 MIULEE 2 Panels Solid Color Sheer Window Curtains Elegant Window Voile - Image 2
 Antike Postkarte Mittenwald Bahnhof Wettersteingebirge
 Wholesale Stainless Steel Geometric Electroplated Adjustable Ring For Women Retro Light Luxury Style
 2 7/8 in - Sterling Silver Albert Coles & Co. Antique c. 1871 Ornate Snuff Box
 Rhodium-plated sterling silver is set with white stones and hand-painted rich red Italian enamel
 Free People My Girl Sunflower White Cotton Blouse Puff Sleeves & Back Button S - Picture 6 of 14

--

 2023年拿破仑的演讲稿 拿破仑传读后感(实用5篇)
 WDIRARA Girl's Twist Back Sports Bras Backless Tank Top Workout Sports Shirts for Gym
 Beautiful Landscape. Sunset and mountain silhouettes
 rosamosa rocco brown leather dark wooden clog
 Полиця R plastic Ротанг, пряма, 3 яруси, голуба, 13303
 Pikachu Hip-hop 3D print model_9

==

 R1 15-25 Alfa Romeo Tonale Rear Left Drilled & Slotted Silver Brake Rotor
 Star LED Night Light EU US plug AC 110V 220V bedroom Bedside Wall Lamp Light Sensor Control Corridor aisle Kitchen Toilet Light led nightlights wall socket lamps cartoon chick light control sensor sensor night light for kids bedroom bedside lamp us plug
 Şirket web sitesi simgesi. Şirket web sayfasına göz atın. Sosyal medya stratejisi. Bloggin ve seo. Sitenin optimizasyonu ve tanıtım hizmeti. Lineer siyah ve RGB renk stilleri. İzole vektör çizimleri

[What is being asked]
Starting with the line above that holds "Wholesale Stainless Steel" and stopping with the line that holds "Rhodium-plated sterling silver", reproduce each line exactly, omitting all other lines.

[Solution for this task]
 Wholesale Stainless Steel Geometric Electroplated Adjustable Ring For Women Retro Light Luxury Style
 2 7/8 in - Sterling Silver Albert Coles & Co. Antique c. 1871 Ornate Snuff Box
 Rhodium-plated sterling silver is set with white stones and hand-painted rich red Italian enamel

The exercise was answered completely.